Étonnamment, j’arrive à trouver une réponse qui correspond bien.

 

Question 3 :

Pareil que pour la précédente, on peut trouver une réponse adéquate

 

 

45678910

Question 4 :

Elle m’a passablement énervé. La réponse est dirigée, on voit directement laquelle « il faut répondre » en dépit de ce que penser la personne qui répond à ce test. Même ignorant, vous saurez forcément quoi répondre.

 

Question 5, 6, 7 et 8 :

Elles sont correctes, la 5 reste facilement identifiable, mais les 6, 7 et 8 laissent place à la réflexion, enfin !

 

Question 9 :

« Les trans » —-> Nope. On est pas des trans. Nous sommes des êtres humains et n’aimons pas être réduits à l’état de « trans ».
Les réponses sont beaucoup dirigées.

 

Question 10 :

Je note l’effort de vouloir montrer la non-binarité. En revanche, les réponses, ce n’est pas du tout ça.
Une personne non-binaire n’est pas « une personne ni homme ni femme » mais une personne qui peut s’identifier comme n’appartenant à aucun genre (agenre), à plusieurs genres, comme étant non-binaire et rien d’autres, fluides, etc. Il y a autant de non-binarité que de personne non-binaire, et les réduire à « ni homme ni femme » est assez transphobe, enbyphobe (enby = N-B = non-binaire)

 

11 12 13

Question 11 :

La question est un peu chaotiquement formulée, mais on comprend où ça veut en venir.

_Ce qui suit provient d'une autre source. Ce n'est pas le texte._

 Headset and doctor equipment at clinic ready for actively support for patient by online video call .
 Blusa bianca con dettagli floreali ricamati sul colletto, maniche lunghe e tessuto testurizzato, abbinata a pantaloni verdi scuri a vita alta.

Les réponses sont pour ma part toutes fausses. Celle qui semble être la bonne réponse est dirigées, une fois de plus, et ça laisse un sentiment de « peut-être »

 

Question 12 :

Rien à dire sur cette question et les réponses.

 

Question 13 :

Je ne vois pas en quoi le fait de connaître une personne trans dans notre entourage à un quelconque rapport avec la transphobie.
Qui vous dit que vous avez un ou plusieurs ami.e.s trans sans que vous le sachiez ?Ce n’est pas écrit sur le front, et iels vont pas le crier sur tous les toits !

 

14 15 16

Question 14 :

Très maladroitement posée, la question, mais ça dénonce au moins ce qu’on aimerait voir disparaître, comme questions à notre égard.
Demander le prénom et pronom, c’est la meilleure réponse parmi ce qui nous est proposé. Mais sinon « Bonjour, comment ça va ? » me semble très très correct pour une première approche.

 

Question 15 :

Rien à dire en particulier. C’est cool d’inclure les pronoms neutres. La question est quand même dirigée, mais ça passe, pour le coup.

 

Question 16 :

Pour moi, la question est très intéressante
Mais AUCUNE réponse n’est correcte. Même si la personne est okay pour qu’on en parle, qui dit qu’elle n’a pas eu de pression ou qu’elle n’a pas osé dire non ?
Tout ramener aux organes génitaux, la transformation est encore du freak-show, et honnêtement, il y a des sujets bien plus intéressantes sur la transidentité que l’opération de réassignation sexuelle ou les transformations physiques, l’ancien prénom, une ancienne photo, etc.

 

17 18 19

Question 17 et 18 :

On est d’accord.

 

Question 19 :

C’est beaucoup plus compliqué que ça. Entre ce qu’on dit et ce qu’on fait, la différence est énorme. De plus le cheminement pour arriver à une éventuelle acceptation est parfois long. Très long…

 

20 21 22

Question 20 :

Euh, vachement, vachement dirigé là. « Comprenez vous que l’on puisse détester les personnes trans? »
Évidemment on va répondre oui et passer pour un gros transphobe.

 

Question 21 :

Je n’ai pas entendu parler de ceci, mais ça me semble évident, car une femme trans c’est une femme. Pourquoi essayer de la distinguer d’une femme cis ? Et la partie de la question « devait deviner qui est une femme et qui est une femme trans ? » autrement dit une femme trans et une femme « normale » ?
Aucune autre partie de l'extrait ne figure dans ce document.